**GOAL OF THE EXERCISE**
Reproduce the whole listing exactly, omitting any picture it holds.

**PROVIDED MATERIAL**
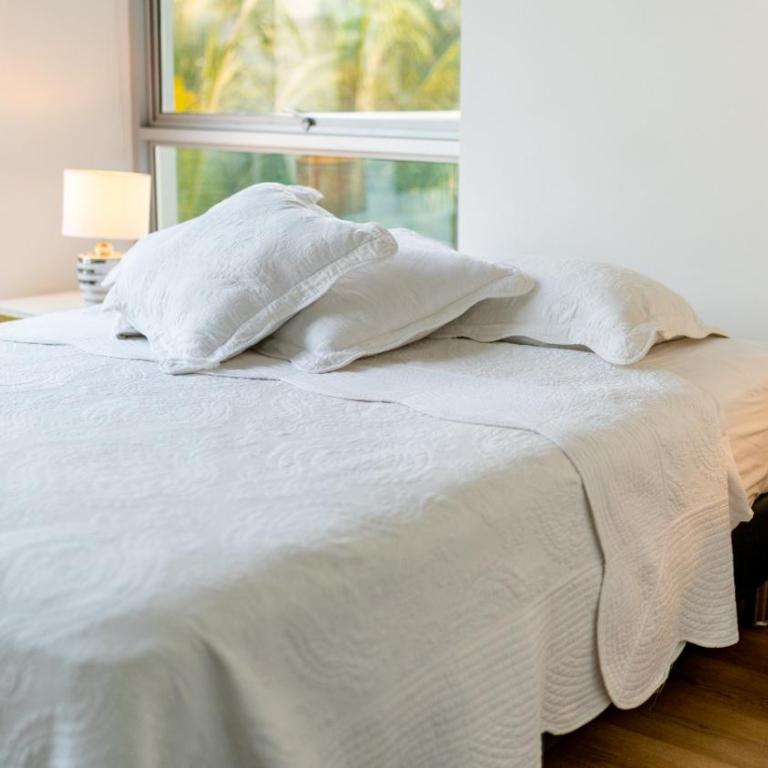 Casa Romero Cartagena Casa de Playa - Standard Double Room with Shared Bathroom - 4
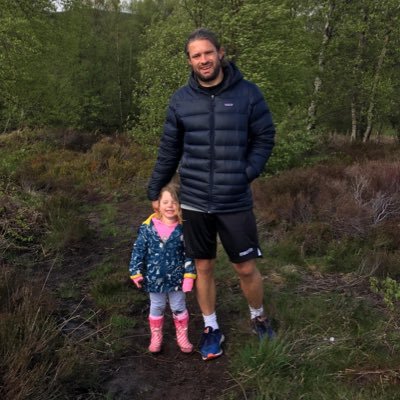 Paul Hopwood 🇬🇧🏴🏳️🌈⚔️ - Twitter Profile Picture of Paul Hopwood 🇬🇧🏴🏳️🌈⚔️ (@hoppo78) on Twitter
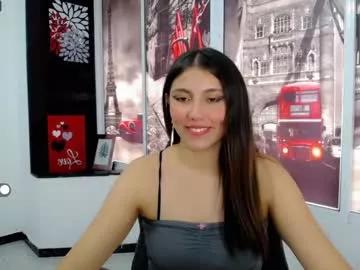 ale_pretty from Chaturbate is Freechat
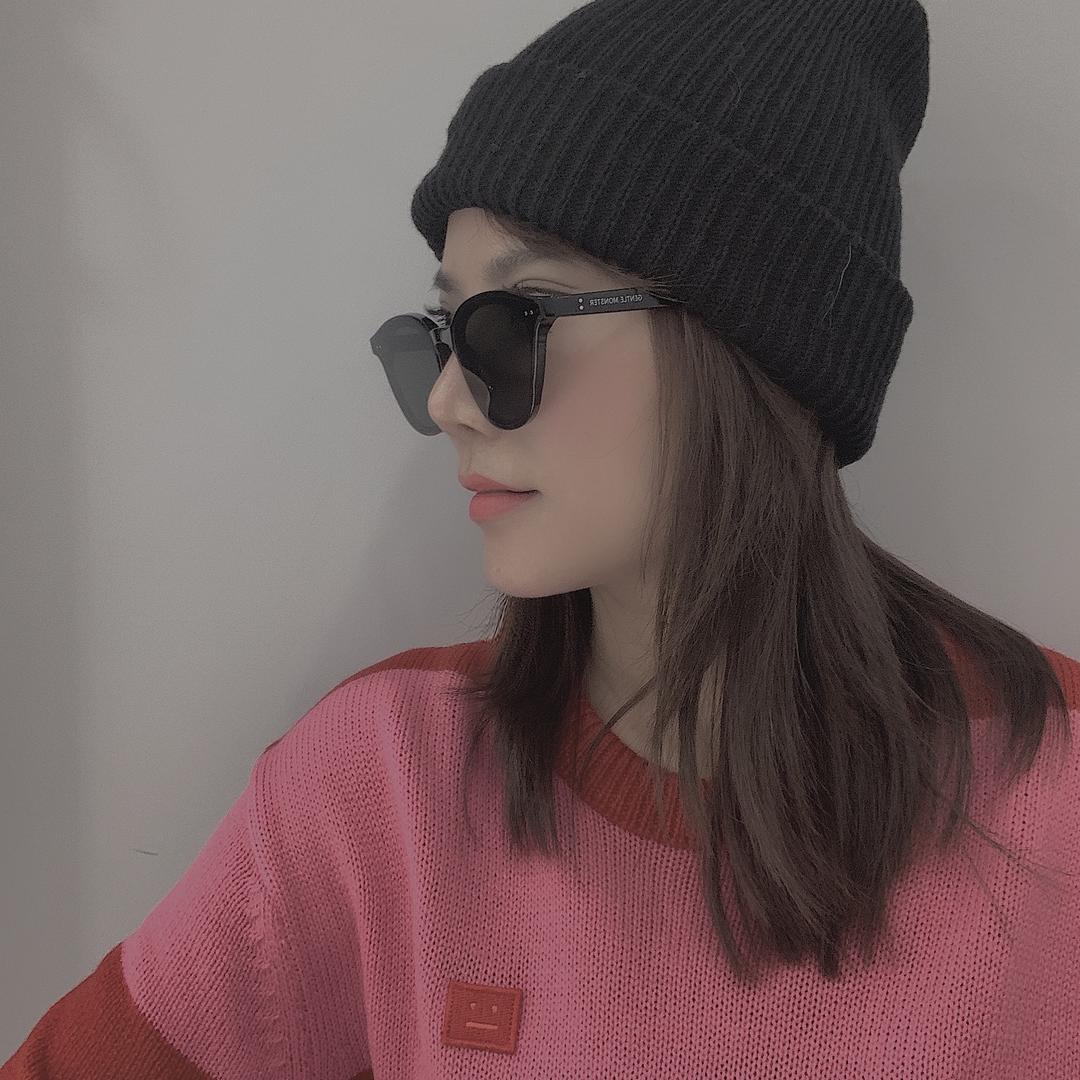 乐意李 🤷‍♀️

**WRITTEN RESPONSE**
 Casa Romero Cartagena Casa de Playa - Standard Double Room with Shared Bathroom - 4
 Paul Hopwood 🇬🇧🏴🏳️🌈⚔️ - Twitter Profile Picture of Paul Hopwood 🇬🇧🏴🏳️🌈⚔️ (@hoppo78) on Twitter
 ale_pretty from Chaturbate is Freechat
 乐意李 🤷‍♀️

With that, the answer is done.